If the insurance company of the person or entity responsible for your injury refuses to agree to a sufficient settlement arrangement, you can file a personal injury case in civil court to seek payment for damages - as long as you are still within the statute of limitations. This designated time limit for filing a civil court case differs in various states, and for various types of cases. In Tennessee, the statute of limitations for filing a personal injury lawsuit is one year following the injury-causing incident.
However you were injured as a result of the negligence of someone else, whether by:
Let us calm your fears about filing a court case with the following overview of the process.
Why Cases Go to Trial
A trial is usually the last resort of a claims process. Insurance companies don't like court cases any more than the individuals filing them. But if they believe the risk of potentially paying more due to a trial verdict is worth the denial to pay the amount you and your lawyer are asking, you'll have no choice but to file a case, to obtain the amount in damages of which you are deserving.
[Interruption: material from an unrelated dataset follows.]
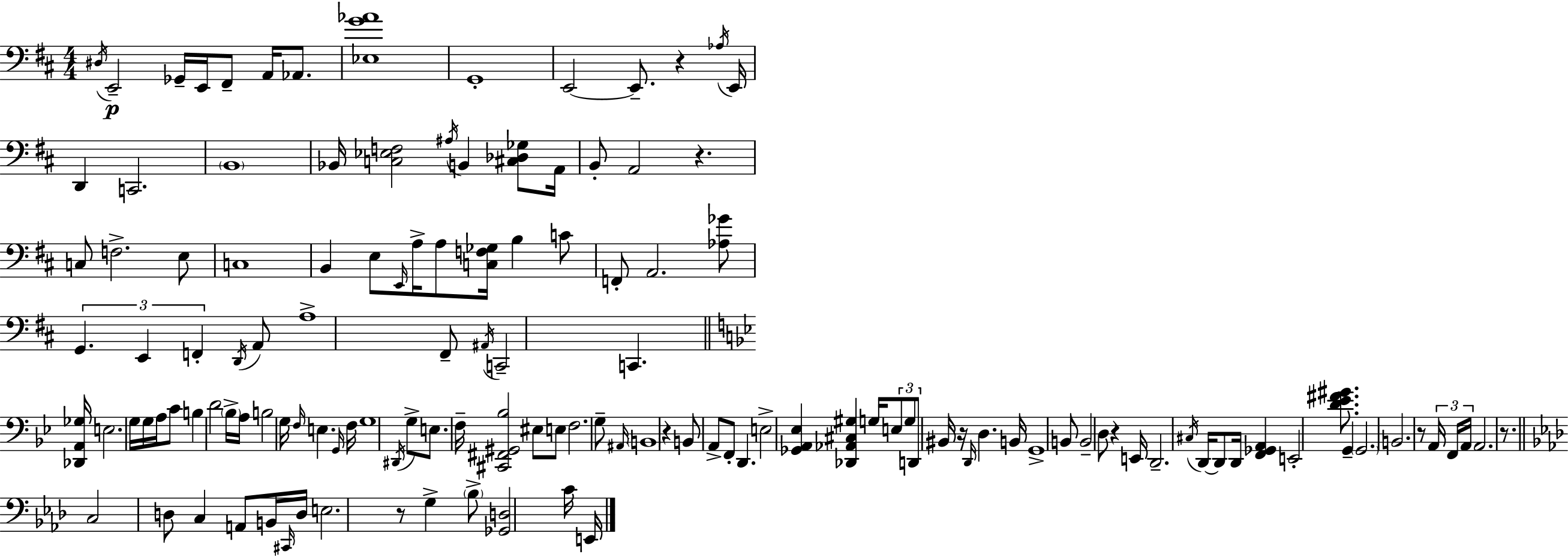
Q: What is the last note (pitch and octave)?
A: E2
A skilled and experienced personal injury attorney can fairly assess your case. If the party you believe caused your injury was clearly negligent, an attorney will likely agree to represent you and strive to negotiate a successful settlement. But if the negotiations fail to result in a fair agreement, they will be prepared to take your case to trial - and support and guide you through the entire process.
What is a Personal Injury Trial Like?
It's probably nothing like you may anticipate, if your only courtroom experience is watching crime drama-themed television shows. There are some similarities, but there are definite differences.
A judge will be present to oversee the proceedings, but civil trial verdicts are normally determined by a jury made up of individuals accepted by your lawyer and the attorney representing the insurance company of the negligent party.
The lawyer representing each side will make an opening statement.
Both sides will submit evidence to support their position, including:
Both sides will make a closing statement.
The jury will convene privately to make a judgment, following the closing statements.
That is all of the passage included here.